* Material for this task *
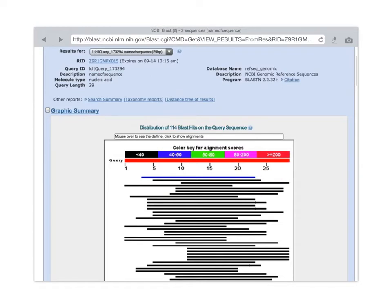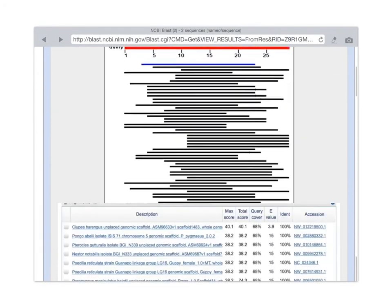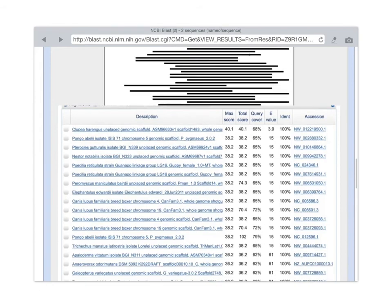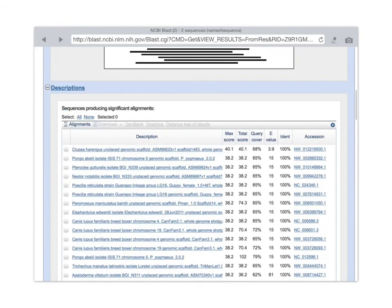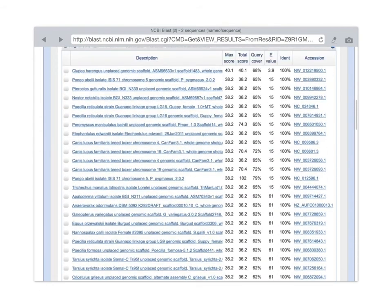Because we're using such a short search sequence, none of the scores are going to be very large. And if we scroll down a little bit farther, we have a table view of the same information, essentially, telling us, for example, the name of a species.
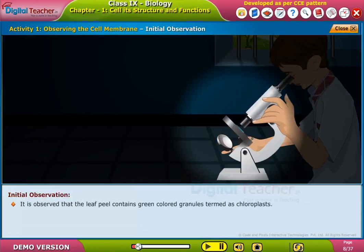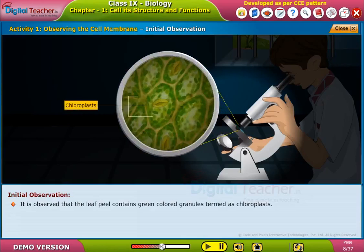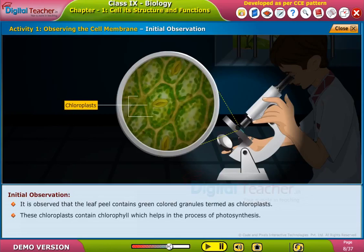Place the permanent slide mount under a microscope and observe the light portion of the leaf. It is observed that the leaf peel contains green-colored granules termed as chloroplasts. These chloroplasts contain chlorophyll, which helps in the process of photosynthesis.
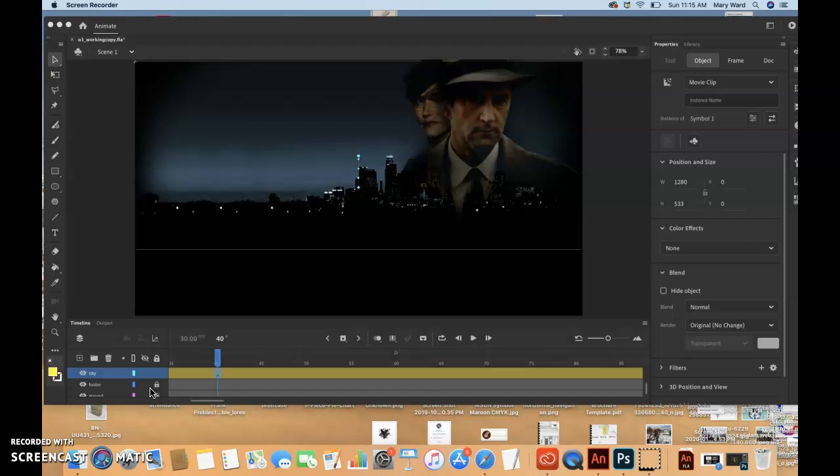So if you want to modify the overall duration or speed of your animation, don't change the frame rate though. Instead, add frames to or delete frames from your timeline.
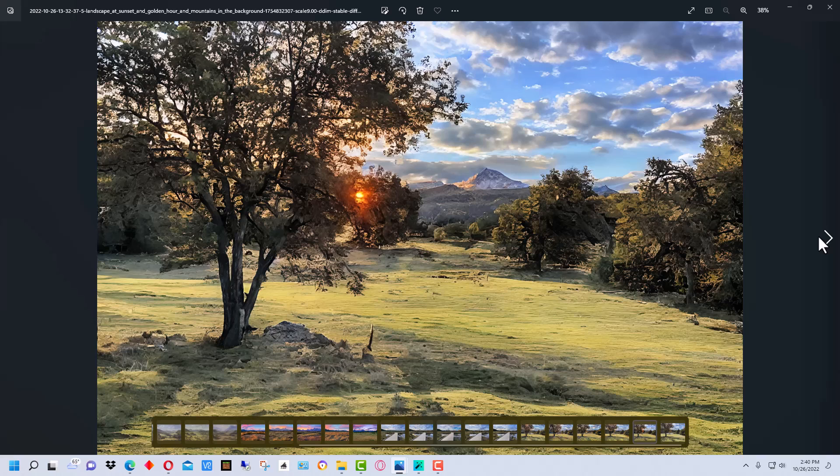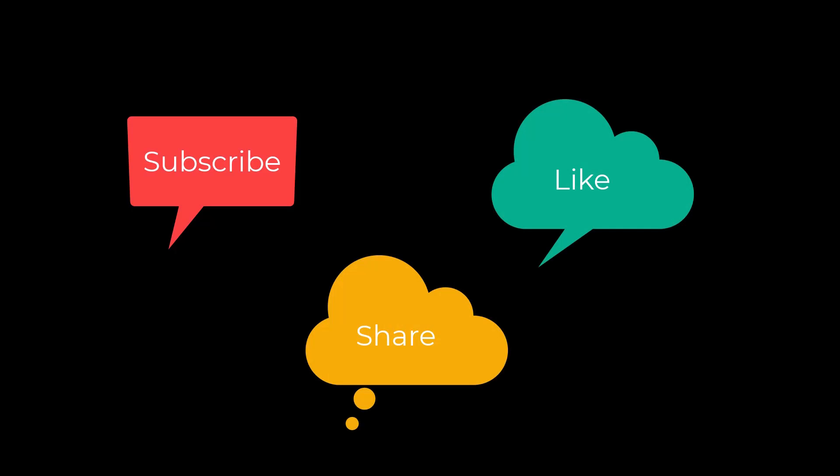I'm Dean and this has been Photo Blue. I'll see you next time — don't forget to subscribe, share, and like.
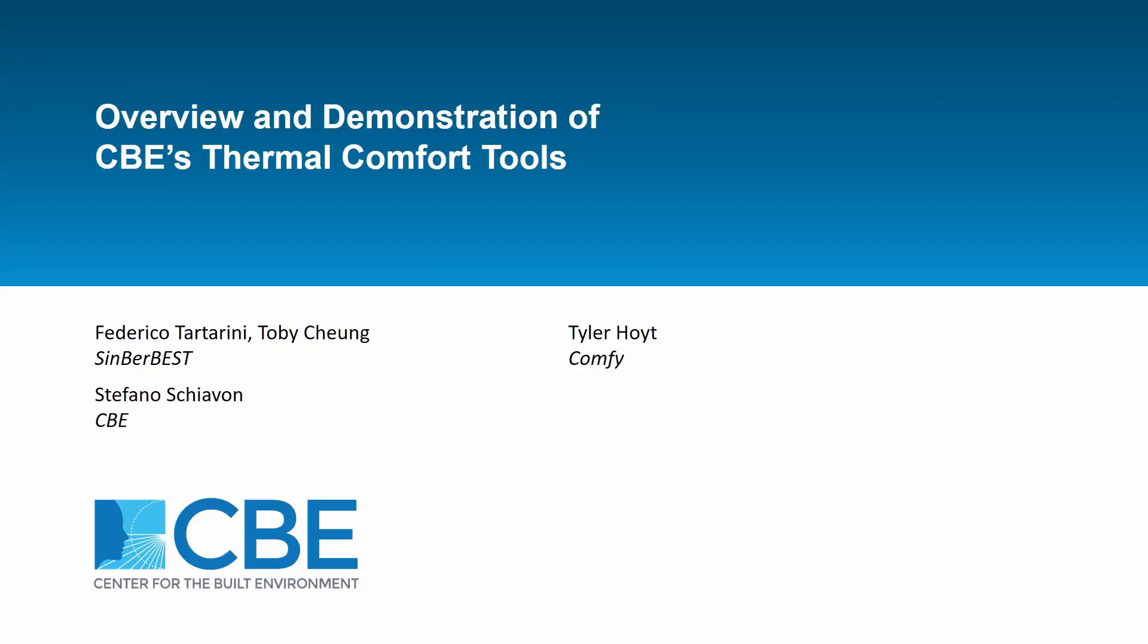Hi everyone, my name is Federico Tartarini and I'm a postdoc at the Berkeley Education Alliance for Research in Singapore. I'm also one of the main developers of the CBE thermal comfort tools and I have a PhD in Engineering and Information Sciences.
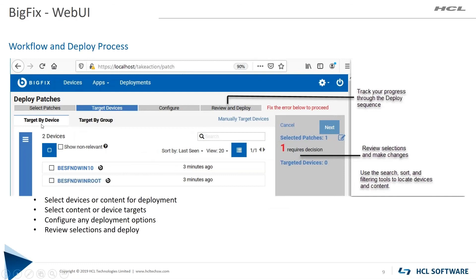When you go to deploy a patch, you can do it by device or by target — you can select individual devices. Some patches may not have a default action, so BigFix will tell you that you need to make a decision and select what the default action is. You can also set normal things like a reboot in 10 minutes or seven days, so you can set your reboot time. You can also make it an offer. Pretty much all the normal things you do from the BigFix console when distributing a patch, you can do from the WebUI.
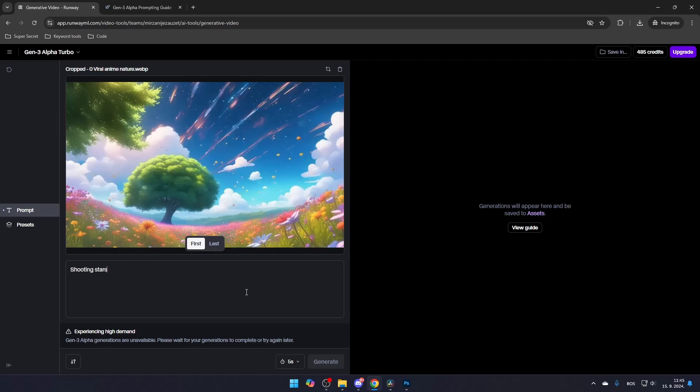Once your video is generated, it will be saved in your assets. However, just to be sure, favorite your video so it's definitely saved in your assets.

* Work task *
Give every line of the records above again, exactly, and omit the pictures.

* Exercise solution *
Because we're using such a short search sequence, none of the scores are going to be very large. And if we scroll down a little bit farther, we have a table view of the same information, essentially, telling us, for example, the name of a species.
Place the permanent slide mount under a microscope and observe the light portion of the leaf. It is observed that the leaf peel contains green-colored granules termed as chloroplasts. These chloroplasts contain chlorophyll, which helps in the process of photosynthesis.
So if you want to modify the overall duration or speed of your animation, don't change the frame rate though. Instead, add frames to or delete frames from your timeline.
I'm Dean and this has been Photo Blue. I'll see you next time — don't forget to subscribe, share, and like.
Hi everyone, my name is Federico Tartarini and I'm a postdoc at the Berkeley Education Alliance for Research in Singapore. I'm also one of the main developers of the CBE thermal comfort tools and I have a PhD in Engineering and Information Sciences.
When you go to deploy a patch, you can do it by device or by target — you can select individual devices. Some patches may not have a default action, so BigFix will tell you that you need to make a decision and select what the default action is. You can also set normal things like a reboot in 10 minutes or seven days, so you can set your reboot time. You can also make it an offer. Pretty much all the normal things you do from the BigFix console when distributing a patch, you can do from the WebUI.
Once your video is generated, it will be saved in your assets. However, just to be sure, favorite your video so it's definitely saved in your assets.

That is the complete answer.